Biographical details
- Born: May 14, 1971 (age 55) Cheltenham, England
- Education: Furman

Coaching career (HC unless noted)
- 1994–2004: Furman
- 2005–2018: LSU
- 2019–present: Rice

Accomplishments and honors

Awards
- 1999 South Region Coach of the Year 2018 South Region Coach of the Year

= Brian Lee (soccer) =

English-born soccer coach (born 1971)

Brian Gordon Lee (born May 14, 1971, in Cheltenham, England) is the head coach of the Rice Owls women's soccer team.

==Coaching career==
===Furman===
Lee was head coach for 11 seasons at Furman, where he accumulated a 144–80–10 overall record, including a 76–16–3 mark in the Southern Conference. Lee was the Southern Conference Coach of the Year five times and was named the NSCAA and SoccerBuzz Southeast Region Coach of the Year in 1999, the same year he was selected as a finalist for NSCAA National Coach of the Year honors.

===LSU===
Lee was head women's soccer coach at LSU from 2005 to 2018. At LSU, Lee had an overall record of 143–100–45 and an SEC record of 65–68–27. Lee coached LSU to six NCAA Tournament appearances and four SEC West Division titles.

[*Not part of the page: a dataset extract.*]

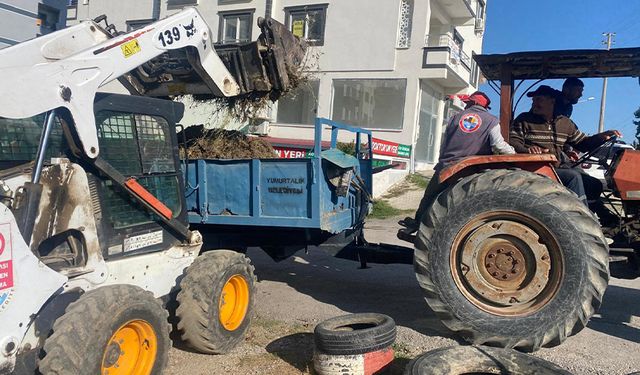 Yumurtalık’ta Milli Gurur Ve Temizlik Seferberliği Bir Arada!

He coached 46 players that earned All-SEC honors and nine All-Americans at LSU.

===Rice===
On March 29, 2019, Lee was named Rice Owls women's soccer head coach.

==Playing career==
A successful athlete in his own right, Lee played for the Furman soccer team from 1989 to 1992 where he was part of three Southern Conference titles and was selected as a team captain and the Most Valuable Player. He also led his team to three Southern Conference championships and its first ever NCAA appearance, and a berth in the Sweet 16 in 1991. Lee also led Gaither HS to the 1989 Florida State HS Final.